▶ **Exercise brief**: Lines from the one containing "Detail van rood-wit" to the end of the records, both ends included and exactly as written, are the whole answer, and no pictures go in it.

--- START ---

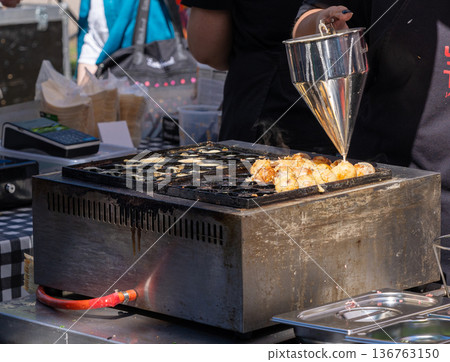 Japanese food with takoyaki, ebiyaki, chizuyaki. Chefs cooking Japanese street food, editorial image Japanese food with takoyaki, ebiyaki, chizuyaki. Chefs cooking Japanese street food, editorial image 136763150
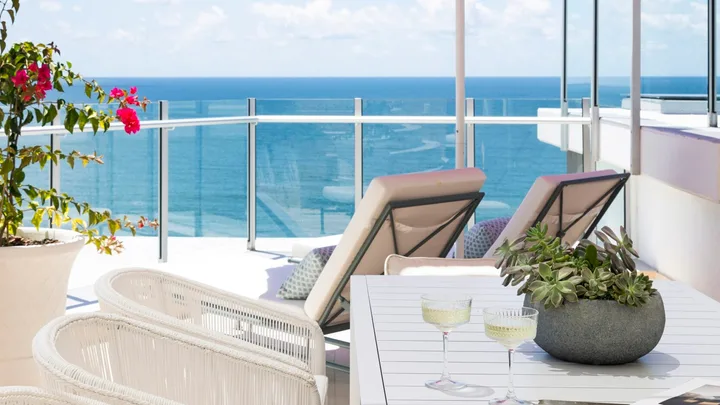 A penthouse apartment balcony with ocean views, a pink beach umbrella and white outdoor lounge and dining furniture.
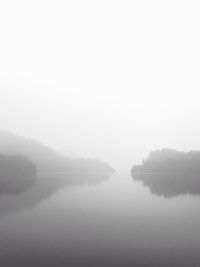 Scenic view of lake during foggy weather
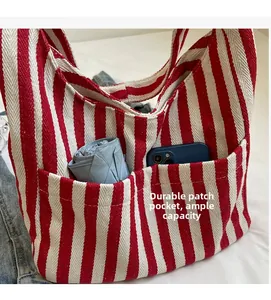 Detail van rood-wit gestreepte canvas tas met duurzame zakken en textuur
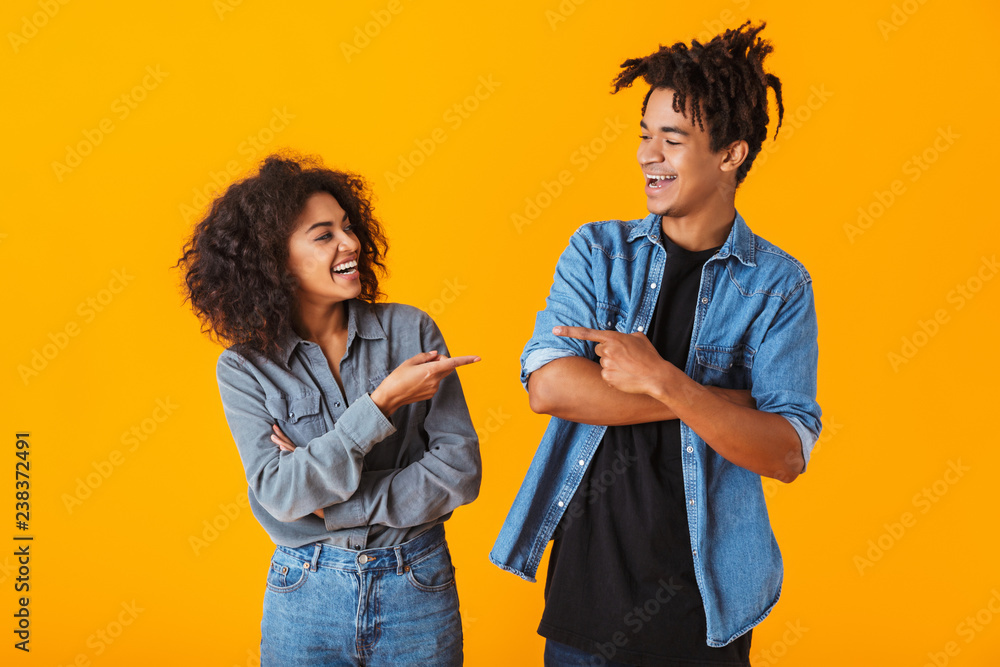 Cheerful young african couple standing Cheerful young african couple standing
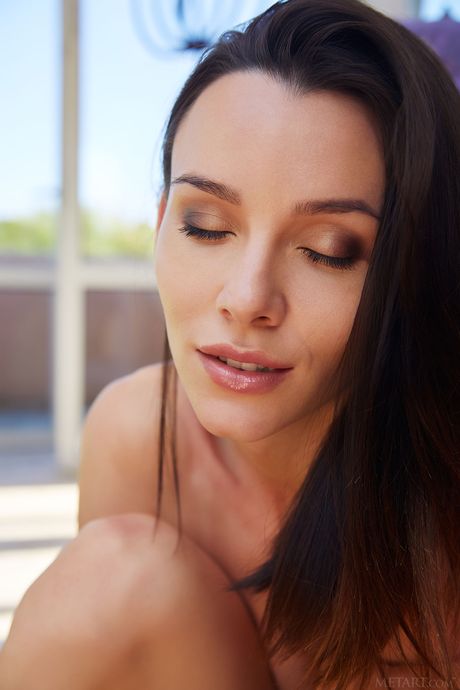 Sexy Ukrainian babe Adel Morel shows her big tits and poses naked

--- END ---

▶ **Written response**:
 Detail van rood-wit gestreepte canvas tas met duurzame zakken en textuur
 Cheerful young african couple standing Cheerful young african couple standing
 Sexy Ukrainian babe Adel Morel shows her big tits and poses naked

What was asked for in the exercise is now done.